El tótem de la competencia

La competencia es una hipótesis de laboratorio avalada en muy pocas ocasiones por los hechos

Con cierta periodicidad, el universo de los negocios asiste a una concentración empresarial de volumen galáctico que pone en entredicho la idea de competencia entre grupos y compañías. Véase a estos efectos la compra de Time Warner (lo que se suele llamar un gigante de las comunicaciones) por AT&T (lo que se suele entender por gigante de la telefonía) a cambio de 85.400 millones de dólares. Los catecismos de las escuelas de negocios, con su eterno exprimir de la teoría de juegos y beneficios, suele empezar por la distinción entre crecimiento empresarial orgánico y el conseguido mediante fusiones y adquisiciones. Pero, a efectos prácticos, lo que se trata de considerar es si la competencia empresarial es un criterio vigente para determinar la estructura empresarial en un ámbito determinado de negocios concurrentes y en la formación de los precios en los mercados o se ha convertido en una imagen verbal simbólica, sin valor de uso, como el zeppelín, la fiscalidad de los futbolistas, el otoño, la primavera y, dentro de poco, el invierno. A riesgo de adelantar las conclusiones, es muy dudoso que hoy exista en España alguna preocupación institucional por la estructura de cualquier mercado; y el caso AT&T-Time Warner nos dirá cuál es el grado de sensibilidad real sobre este punto en Estados Unidos.

La competencia es una hipótesis de laboratorio avalada en muy pocas ocasiones por los hechos. Ni en su nacimiento ni en su desarrollo interviene en el desarrollo o la muerte de las empresas. En primer lugar, porque el término es equívoco. Si una empresa sobrevive y otra desaparece puede ser porque las condiciones de calidad y precio de la primera sean superiores o simplemente por otras causas más reales y menos asépticas que no es necesario detallar aquí. Ahí está, entre otros, el libro Lobos capitalistas de Alberto Lafuente para ilustrarlo. Si por competencia se entiende una carrera continua para reducir costes y, por lo tanto precios, garantizar productos y mantener al mismo tiempo la calidad, estamos ante un ser mitológico, como el Wendigo lovecraftiano o el Hidebehind de Borges. Es un concepto construido por los economistas clásicos (la walrasiana miríada de ofertantes y demandantes), tomando como fundamento algunas observaciones de la realidad, para dotar de un celofán racional a la economía política derivada de la mano invisible.

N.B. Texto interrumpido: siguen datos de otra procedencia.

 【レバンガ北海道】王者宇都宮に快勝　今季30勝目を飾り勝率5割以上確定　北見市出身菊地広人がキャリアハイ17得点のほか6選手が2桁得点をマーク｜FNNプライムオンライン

Caben versiones moderadas del escepticismo sobre la competencia. Schumpeter, por ejemplo, explicó que en la vida económica “siempre hay algo de competencia, aunque casi nunca es perfecta”. Existe, pero es un factor secundario. Cuando se desciende desde el rascacielos teórico al suelo de la realidad, resulta que las empresas actúan como si su tendencia evolutiva nacional fuese la concentración y el dominio; los hechos demuestran que para cualquier compañía ese es un principio de orden superior al de la competencia. El impulso teleológico es controlar el mercado propio (en el caso de AT&T la telefonía) y el adyacente (comunicación, espectáculos). Lo que está sobre el tapete es la capacidad de los Estados (en su vertiente nacional o supracional) para interponer argumentos y decisiones en esa tendencia geológica. Demos por supuesto que algunos países tienen más cuidado con la imagen de competencia empresarial que otros, como es lógico. Pero puesto a que a los Gobiernos les gusta (lo confiesen o no) contar con campeones nacionales, que dan lustre al país y además permiten multiplicar la presencia política en el exterior, la hipótesis más probable es que la competencia sea hoy un tótem retórico, que sólo se hace real, y no siempre, en mercados tan concretos como la Bolsa o cuando hay que esgrimirlo en una guerra económica continental (Europa-EE UU, por ejemplo).